• Dark Elves of Fantasy

    I love Dark Elves! They are one of my favorite fantasy critters. Here is an ultra-short primer on their history!

    The first historical mythological context of the Drow was seen in ancient Norse, Germanic, and Scottish mythology/folklore. The Drow, also called Dark elves, are seen in Germanic and Norse mythology. Dark elves were called the Dökkálfar (old Norse) or the Svartálfar; However, the Svartálfar were mainly referred to as black elves, as “Svar-“ means ‘Black’, while the Dökkálfar were referred to as the dark elves. These Germanic myths of the dark elves were first documented in Snorri Sturluson’s Gylfaginning Edda. These were considered the opposite of the Ljósálfar, or “light elves” (Simek, R., 1993, p.295-296).

     

    The Svartálfar from Norse mythology were humanoids that lived underground where they flourished in a place called Svartálfheim, or “Black-Elf-World”. According to the folklore they worked forges on the world tree at the lowest level, and it was thought that they developed their black skin from working the forges (Dark elves, 2007). Also these elves were believed to act either benign or evil, but most myths told of the elves acting evil (Lindow, J., 2001, p. 110).

     

    The Dökkálfar from Norse mythology were a bit different from the Svartálfar. While they did not like the light they did not live underground usually and were considered ancient male spirits that could protect humans, however they were often malevolent. They were considered the opposite of the Ljósálfar (light elves and/or high elves) Scottish folklore developed their version of dark elves from the Norse. They were referred to as Trow or black elves and were homogeneous to the Svartálfar. They lived in mines and caves and were sometimes considered to be good, but most stories portray them as being evil (Dark elves, 2007).

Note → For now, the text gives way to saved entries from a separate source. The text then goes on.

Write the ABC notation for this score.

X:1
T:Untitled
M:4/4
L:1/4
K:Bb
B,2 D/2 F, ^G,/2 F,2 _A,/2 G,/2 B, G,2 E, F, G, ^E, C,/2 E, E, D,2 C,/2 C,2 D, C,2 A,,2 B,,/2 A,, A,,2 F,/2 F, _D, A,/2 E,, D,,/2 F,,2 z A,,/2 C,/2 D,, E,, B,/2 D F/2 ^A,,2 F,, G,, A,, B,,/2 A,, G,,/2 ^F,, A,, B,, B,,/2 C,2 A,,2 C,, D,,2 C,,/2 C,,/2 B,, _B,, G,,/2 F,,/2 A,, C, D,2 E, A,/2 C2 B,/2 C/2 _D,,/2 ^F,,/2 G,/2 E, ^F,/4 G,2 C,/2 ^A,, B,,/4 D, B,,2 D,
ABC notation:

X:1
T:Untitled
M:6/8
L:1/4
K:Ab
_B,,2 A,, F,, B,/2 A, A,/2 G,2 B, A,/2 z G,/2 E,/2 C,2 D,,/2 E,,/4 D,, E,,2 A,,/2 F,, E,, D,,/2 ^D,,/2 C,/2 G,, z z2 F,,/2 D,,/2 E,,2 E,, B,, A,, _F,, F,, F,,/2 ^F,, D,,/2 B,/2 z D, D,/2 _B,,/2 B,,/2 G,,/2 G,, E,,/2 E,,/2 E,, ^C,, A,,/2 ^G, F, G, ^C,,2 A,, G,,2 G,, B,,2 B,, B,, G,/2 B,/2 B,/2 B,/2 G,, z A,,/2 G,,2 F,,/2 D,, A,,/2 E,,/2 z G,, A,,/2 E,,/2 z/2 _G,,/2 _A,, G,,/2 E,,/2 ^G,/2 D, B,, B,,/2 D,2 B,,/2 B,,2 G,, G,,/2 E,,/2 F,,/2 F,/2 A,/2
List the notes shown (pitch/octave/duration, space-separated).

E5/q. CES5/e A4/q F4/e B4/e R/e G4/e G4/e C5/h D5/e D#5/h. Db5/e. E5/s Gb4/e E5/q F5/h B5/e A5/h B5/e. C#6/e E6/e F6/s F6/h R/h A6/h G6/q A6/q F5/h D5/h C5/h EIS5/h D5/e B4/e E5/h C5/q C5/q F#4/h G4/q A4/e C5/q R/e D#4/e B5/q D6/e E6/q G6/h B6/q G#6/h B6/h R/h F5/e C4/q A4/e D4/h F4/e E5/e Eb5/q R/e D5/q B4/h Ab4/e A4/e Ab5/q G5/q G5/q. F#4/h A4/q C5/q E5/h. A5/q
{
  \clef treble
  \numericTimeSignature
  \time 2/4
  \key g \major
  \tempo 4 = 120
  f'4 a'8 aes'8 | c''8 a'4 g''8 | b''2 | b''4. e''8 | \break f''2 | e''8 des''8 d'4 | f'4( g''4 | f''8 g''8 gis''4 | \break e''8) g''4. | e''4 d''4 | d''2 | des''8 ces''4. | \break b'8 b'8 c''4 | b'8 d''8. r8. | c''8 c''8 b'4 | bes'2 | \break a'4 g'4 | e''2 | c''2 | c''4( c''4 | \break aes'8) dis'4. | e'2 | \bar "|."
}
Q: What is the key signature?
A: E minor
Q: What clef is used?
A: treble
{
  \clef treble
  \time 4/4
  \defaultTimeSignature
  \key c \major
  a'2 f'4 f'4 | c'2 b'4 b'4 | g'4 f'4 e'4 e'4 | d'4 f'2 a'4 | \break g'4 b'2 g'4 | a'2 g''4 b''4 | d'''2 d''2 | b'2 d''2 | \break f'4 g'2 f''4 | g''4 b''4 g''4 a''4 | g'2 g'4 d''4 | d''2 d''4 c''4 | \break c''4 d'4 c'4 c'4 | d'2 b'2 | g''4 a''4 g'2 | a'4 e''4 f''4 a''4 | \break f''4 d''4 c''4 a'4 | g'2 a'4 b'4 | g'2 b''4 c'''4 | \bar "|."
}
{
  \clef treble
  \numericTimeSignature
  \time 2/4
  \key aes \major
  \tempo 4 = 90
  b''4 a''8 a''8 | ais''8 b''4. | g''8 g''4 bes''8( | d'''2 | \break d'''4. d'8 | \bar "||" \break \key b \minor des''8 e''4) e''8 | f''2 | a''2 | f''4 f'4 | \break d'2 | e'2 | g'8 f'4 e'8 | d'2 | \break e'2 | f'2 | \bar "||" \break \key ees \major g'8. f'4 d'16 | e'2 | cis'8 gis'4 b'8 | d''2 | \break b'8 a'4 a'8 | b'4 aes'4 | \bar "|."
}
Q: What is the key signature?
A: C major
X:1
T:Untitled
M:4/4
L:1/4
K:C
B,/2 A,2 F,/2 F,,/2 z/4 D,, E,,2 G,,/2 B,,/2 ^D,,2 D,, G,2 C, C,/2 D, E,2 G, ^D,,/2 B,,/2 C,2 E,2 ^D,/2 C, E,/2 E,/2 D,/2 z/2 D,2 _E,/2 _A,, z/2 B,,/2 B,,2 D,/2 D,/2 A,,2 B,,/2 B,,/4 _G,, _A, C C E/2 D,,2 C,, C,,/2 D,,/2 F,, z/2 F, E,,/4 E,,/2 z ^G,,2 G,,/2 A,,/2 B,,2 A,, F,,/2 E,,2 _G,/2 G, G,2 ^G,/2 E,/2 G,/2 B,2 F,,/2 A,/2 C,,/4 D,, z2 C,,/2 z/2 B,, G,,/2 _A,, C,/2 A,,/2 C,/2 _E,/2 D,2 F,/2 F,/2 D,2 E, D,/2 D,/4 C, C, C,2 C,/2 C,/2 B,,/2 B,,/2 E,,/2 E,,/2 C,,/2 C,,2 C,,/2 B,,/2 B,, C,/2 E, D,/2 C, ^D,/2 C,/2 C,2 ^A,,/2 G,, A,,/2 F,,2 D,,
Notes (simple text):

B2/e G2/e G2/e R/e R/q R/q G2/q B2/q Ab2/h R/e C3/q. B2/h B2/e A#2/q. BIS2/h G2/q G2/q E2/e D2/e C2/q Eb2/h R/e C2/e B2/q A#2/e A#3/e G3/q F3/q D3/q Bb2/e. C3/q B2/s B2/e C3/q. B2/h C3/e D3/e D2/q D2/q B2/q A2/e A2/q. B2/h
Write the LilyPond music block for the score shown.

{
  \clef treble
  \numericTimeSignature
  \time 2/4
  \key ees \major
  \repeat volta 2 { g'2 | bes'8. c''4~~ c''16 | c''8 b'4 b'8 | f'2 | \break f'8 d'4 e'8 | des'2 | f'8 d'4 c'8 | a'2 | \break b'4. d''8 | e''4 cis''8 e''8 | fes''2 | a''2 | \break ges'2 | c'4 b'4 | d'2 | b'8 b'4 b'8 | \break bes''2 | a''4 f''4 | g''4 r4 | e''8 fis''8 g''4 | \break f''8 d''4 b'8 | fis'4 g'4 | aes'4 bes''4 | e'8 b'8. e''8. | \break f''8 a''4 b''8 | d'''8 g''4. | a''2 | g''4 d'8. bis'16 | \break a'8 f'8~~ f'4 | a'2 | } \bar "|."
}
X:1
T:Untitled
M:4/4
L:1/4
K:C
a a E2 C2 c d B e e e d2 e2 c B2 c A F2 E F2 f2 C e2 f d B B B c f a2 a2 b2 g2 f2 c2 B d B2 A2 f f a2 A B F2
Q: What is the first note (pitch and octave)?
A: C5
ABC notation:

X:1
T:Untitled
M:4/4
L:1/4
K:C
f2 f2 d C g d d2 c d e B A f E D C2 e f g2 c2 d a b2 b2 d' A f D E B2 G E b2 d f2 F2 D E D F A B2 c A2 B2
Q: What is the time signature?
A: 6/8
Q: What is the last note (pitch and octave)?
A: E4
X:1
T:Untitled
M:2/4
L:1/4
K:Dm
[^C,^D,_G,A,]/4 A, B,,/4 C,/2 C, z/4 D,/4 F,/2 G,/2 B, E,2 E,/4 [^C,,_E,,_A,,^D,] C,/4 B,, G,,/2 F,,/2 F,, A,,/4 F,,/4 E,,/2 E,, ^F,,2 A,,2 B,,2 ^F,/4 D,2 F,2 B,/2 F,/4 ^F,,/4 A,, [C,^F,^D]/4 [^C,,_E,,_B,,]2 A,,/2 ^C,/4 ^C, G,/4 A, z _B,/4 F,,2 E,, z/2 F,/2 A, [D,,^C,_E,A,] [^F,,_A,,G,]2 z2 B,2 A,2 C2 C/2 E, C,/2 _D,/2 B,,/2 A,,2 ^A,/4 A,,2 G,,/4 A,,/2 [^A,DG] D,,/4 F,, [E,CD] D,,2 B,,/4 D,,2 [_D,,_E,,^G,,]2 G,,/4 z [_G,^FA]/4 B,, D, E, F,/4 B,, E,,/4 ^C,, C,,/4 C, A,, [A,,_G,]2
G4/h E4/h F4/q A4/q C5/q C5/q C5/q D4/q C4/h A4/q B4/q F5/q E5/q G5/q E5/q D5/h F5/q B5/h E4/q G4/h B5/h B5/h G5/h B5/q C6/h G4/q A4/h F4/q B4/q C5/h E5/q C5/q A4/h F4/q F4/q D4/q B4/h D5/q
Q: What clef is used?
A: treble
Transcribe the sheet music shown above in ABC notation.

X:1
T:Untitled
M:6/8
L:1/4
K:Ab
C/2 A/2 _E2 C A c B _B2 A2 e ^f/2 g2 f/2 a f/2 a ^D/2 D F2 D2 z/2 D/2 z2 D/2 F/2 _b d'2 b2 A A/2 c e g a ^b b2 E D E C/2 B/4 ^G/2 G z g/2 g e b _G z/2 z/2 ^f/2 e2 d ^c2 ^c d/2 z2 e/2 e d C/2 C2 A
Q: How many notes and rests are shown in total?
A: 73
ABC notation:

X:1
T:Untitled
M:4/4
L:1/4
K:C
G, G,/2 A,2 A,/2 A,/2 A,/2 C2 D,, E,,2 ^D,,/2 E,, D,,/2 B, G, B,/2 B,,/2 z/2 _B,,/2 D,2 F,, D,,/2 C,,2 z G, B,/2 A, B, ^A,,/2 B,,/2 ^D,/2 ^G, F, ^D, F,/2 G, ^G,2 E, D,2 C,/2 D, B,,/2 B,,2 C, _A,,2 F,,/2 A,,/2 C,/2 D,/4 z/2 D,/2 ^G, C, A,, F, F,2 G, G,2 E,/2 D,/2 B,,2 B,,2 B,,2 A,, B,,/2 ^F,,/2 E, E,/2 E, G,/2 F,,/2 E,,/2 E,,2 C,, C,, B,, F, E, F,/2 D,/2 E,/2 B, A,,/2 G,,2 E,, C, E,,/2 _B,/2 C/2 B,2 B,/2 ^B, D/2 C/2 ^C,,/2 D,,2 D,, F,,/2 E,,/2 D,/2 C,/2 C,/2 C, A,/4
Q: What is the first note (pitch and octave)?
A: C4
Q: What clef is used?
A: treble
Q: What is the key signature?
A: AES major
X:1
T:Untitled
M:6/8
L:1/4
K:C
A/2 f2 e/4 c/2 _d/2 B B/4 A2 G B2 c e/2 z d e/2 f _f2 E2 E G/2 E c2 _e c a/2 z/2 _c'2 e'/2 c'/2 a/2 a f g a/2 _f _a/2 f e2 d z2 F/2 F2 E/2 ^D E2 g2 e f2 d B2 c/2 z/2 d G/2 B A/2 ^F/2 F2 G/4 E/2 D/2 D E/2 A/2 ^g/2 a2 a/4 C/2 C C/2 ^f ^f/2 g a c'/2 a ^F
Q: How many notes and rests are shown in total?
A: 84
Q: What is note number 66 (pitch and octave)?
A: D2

    Gary Gygax in the game Dungeon’s and Dragons created the second and most commonly known context for the Drow. He based all of the games mythology on ancient mythology, such the mythology listed above. This is a role playing game using paper, dice, and a pencil, most commonly played by the gaming and nerd culture. In my experience I have found that more males play this D&D then do females. The Drow are a playable race in this game. In general a Drow character has the social-alignment of evil. They have black skin and silky white-silver hair, generally. They usually have red eyes, but may have grey, amber, or even violet eye colors. Their eyes are sensitive to the light and they cannot tolerate sunlight well so, they live underground in a place called “the Underdark” (Vaughan, G. A., Schwalb, R. J., Pryor, A., Marmell, A., 2007).

     

    In this fantasy realm there is a vast amount of mythology and story behind the Drow. There is so much mythology; this essay cannot cover it all. Depending on which branch of D&D is being played, generally there is one goddess that Drow worship called Lolth. She has eight corporal forms, however she is mainly depicted as a Drow, a Strider (half Drow and half spider), or as a spider. She is often referred to as the spider queen. Also in the Drow realm the females rule and are the clerics to Lolth. The males are looked down upon and are often sacrificed to Lolth. In other branches of the D&D, such as Forgotten Realms, there are two other popular Drow gods. The first, Eilistraee is the only goddess that is good and attempts to lead the Drow from their evil ways, while the second, Vhaeraun, is an evil god yet his followers are males that wish to overpower the females of the race. All of these gods and goddesses are continually at war with one another (Vaughan, G. A., et al, 2007).

     

    The third context Drow are found in is really an off-shoot from D&D. Again the cultures involved are gamers and nerds. Many books were written about the Drow from the mythology found in D&D. These books again depict the Drow, as being evil however there are a few exceptions. In the Forgotten Realm series the Drow Drizzt Do’Urden and Liriel Baenre reject their evil culture and choose to follow a moral path they felt in their hearts (Salvatore, 2005).

     

    The last and fourth context for the Drow can be found in video games. Again, the cultures involved are gamers and nerds, and again most males play these. Some video games are part of the D&D world and those games include: Dungeons & Dragons MMORPG, or Massively Multiplayer Online Roll-Playing Game, and the Neverwinter Nights series, Icewind Dale, etc. Other video games, however, are not related to D&D directly; yet still contain Drow by other names. The Drow are referred to as dark elves since they did not have the copyrights to call them by the same name as D&D. Dark elves can be played in the following role playing games: The Elder Scrolls Series, Everquest (mmorpg), Everquest II (mmorpg), Lineage (mmorpg), and Lineage II (mmorpg) are just some of the examples. Again, generally the dark elves are socially-aligned as evil.

     

    “Dark elves.”, (2007). Wikipedia: The Free Encyclopedia. Retrieved September 13, 2007, from http://en.wikipedia.org/wiki/Dark_Elf

    Lindow, J.(2001). Handbooks of world mythology: Handbook of Norse Mythology. Denver, Co: ABC Clio.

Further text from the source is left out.